In his private crusade Pizarro could look to support from the substantial Civil Guard and Policía Armada units, volunteers from the Falange and from the Somatén militia; he sought to monitor the guerrillas’ natural havens in the mountains. To which end he ordered all of the farmsteads there to be evacuated so as to remove support and supply sources from the maquis and he employed new anti-guerrilla tactics (police posing as maquis to rob and torture indiscriminately) and a ‘scorched earth’ policy to undermine civilian support for the maquis. Under his mandate too out-and-out terror was waged against locals suspected of sympathising with the guerrillas, with tremendously severe methods being used: beatings, mock executions to extract confessions, poisoning of food supplies or ruthless enforcement of reprisals and of the notorious ‘ley de fugas‘, became commonplace. And as mute witnesses to all this suffering, mass graves were opened in Alcalá de la Selva, Mora, Monroyo, Civán and other locations. 
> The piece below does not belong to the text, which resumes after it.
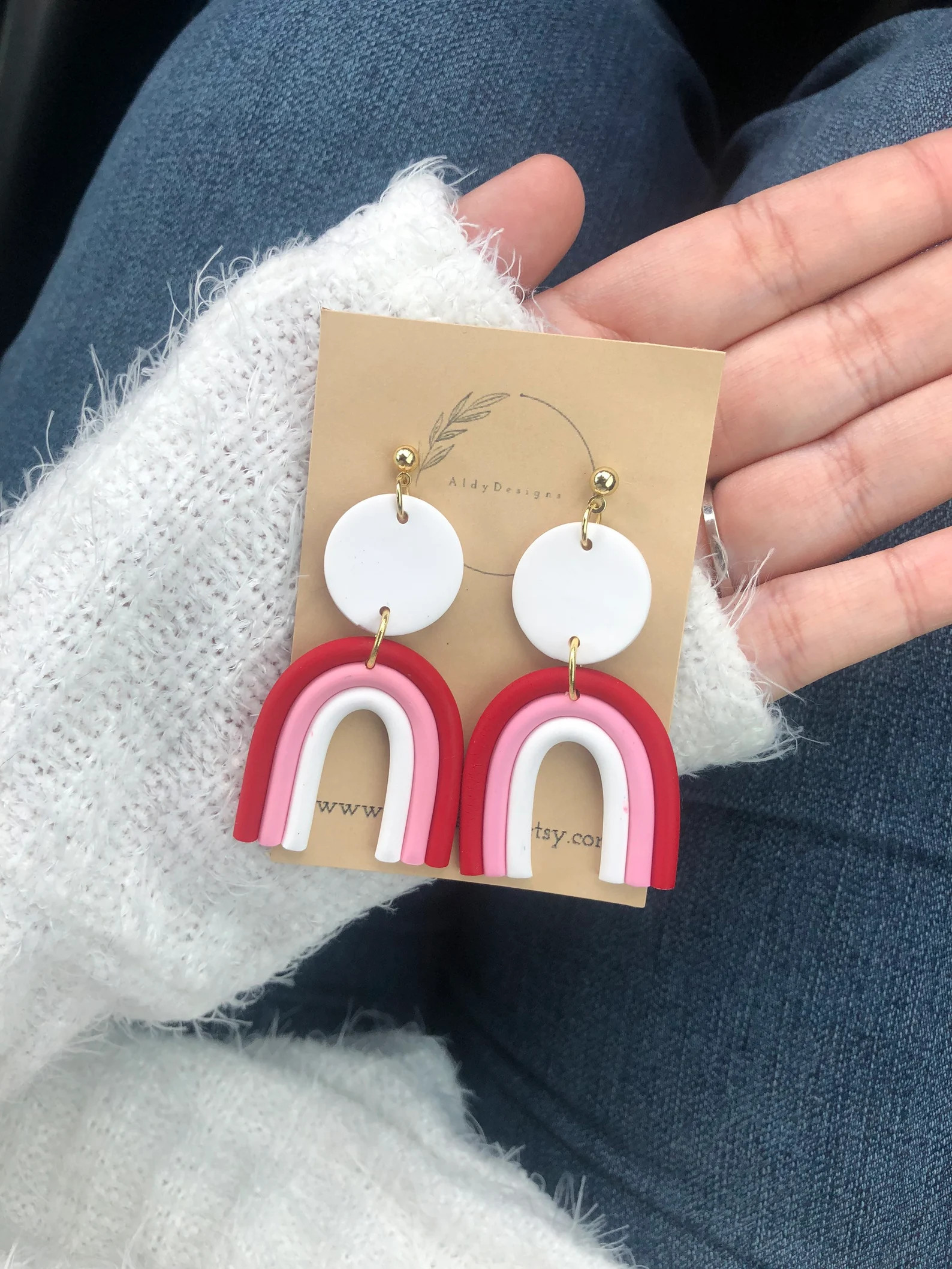 Clay Arch Earrings  Valentines Day Earrings | Etsy | Etsy (US)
Pizarro’s big push started on 9 August 1947 with an assault on the La Cebollera guerrilla camp (operational base of the Sector 17 AGLA under Ángel Fuertes (aka ‘Antonio‘), which was attacked first using mortars before the pine forest where it was located was set alight. Some months later, on 18 December, the Civil Guard attacked the Monte Canarracho maquis camp near Cabra de Mora and, two days after that, Sector 11 AGLA’s training camp on Monte Rodeno in the township of Valdecuenca was targeted. 
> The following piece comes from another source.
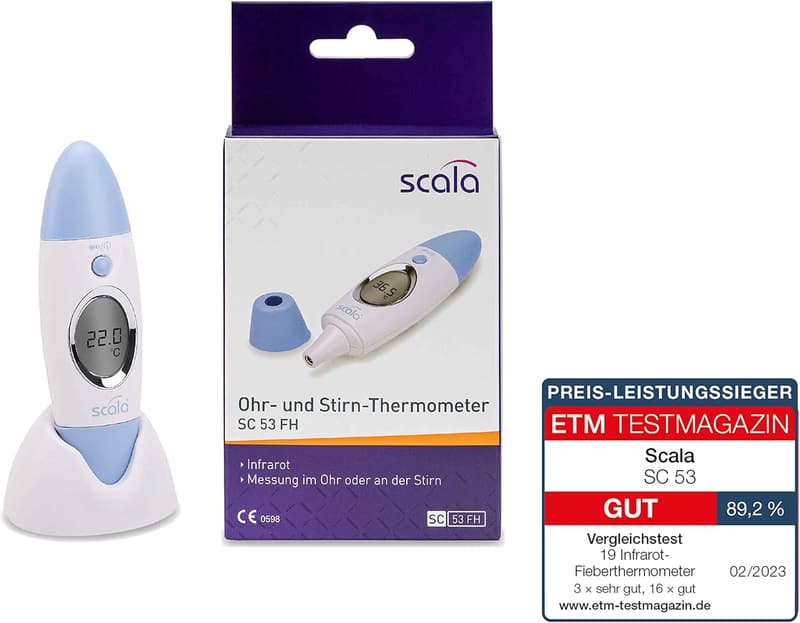 Infrarot Fieberthermometer für Stirn- und Ohrmessung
Even though the AGLA mounted its so-called “spring offensive” in 1948, AGLA had been greatly weakened by Pizarro’s crackdown. Even so, the maquis kept up some activity up until late 1949 when Pelegrín Pérez (aka ‘Ricardo‘), the top AGLA official, was killed near Alcañiz, and on 7 November an important camp in Santa Cruz de Moya in Cuenca (which has since become an authentic memorial to the anti-Francoist guerrilla struggle) was attacked.
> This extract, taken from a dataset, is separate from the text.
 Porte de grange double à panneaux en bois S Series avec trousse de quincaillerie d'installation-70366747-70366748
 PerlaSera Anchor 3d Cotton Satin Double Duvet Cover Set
The province of Teruel, which had seen so much suffering during the civil war, as well as during the post-civil war crackdown and maquis years and where General-governor Pizarro left a trail of blood and flames, still owes a debt to those dogged anti-Francoist guerrillas, some of them known, others anonymous, and to all those civilian auxiliaries who, in very difficult circumstances, supported the guerrilla struggle in hope of opening up a new vista of freedom and social progress for Spain. 

[…]

José Ramón Villanueva Herrero

(Adapted) From www.elmasino.com/cazarabet/esi/53 [dead link]

Translated by: Paul Sharkey.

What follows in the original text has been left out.